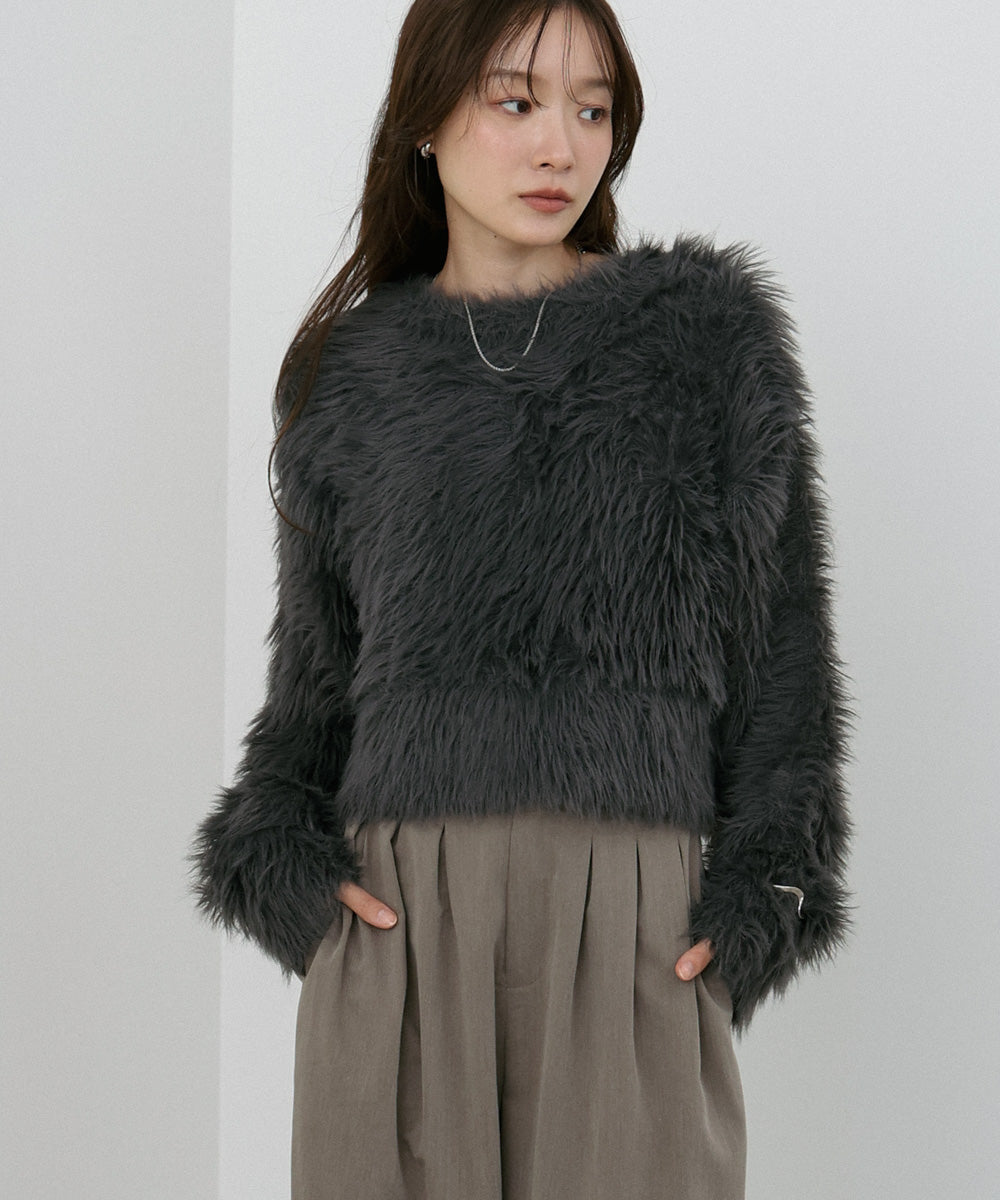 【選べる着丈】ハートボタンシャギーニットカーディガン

**********

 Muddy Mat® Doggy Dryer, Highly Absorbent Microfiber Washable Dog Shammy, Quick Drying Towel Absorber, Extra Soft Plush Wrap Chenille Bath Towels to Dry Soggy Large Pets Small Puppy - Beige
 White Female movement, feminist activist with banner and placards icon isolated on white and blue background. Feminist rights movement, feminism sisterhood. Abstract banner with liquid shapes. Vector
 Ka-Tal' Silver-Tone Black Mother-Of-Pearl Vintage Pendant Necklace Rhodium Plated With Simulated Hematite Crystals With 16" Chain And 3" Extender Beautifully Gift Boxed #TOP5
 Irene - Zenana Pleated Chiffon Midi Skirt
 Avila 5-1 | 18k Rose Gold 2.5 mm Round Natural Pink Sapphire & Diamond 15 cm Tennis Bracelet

**********

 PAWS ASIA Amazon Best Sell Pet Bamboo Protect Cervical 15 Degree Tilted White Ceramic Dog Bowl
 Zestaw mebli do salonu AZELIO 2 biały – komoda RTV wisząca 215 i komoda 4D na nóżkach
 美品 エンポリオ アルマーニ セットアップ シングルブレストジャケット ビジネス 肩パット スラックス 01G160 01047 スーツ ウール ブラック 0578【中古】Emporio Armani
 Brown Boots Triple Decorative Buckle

**********

» Assigned task:
Only one stretch of the records above is wanted: the lines between the one holding "美品 エンポリオ アルマーニ" and the one holding "Brown Boots Triple Decorative Buckle", inclusive, reproduced exactly.

» Solution below:
 美品 エンポリオ アルマーニ セットアップ シングルブレストジャケット ビジネス 肩パット スラックス 01G160 01047 スーツ ウール ブラック 0578【中古】Emporio Armani
 Brown Boots Triple Decorative Buckle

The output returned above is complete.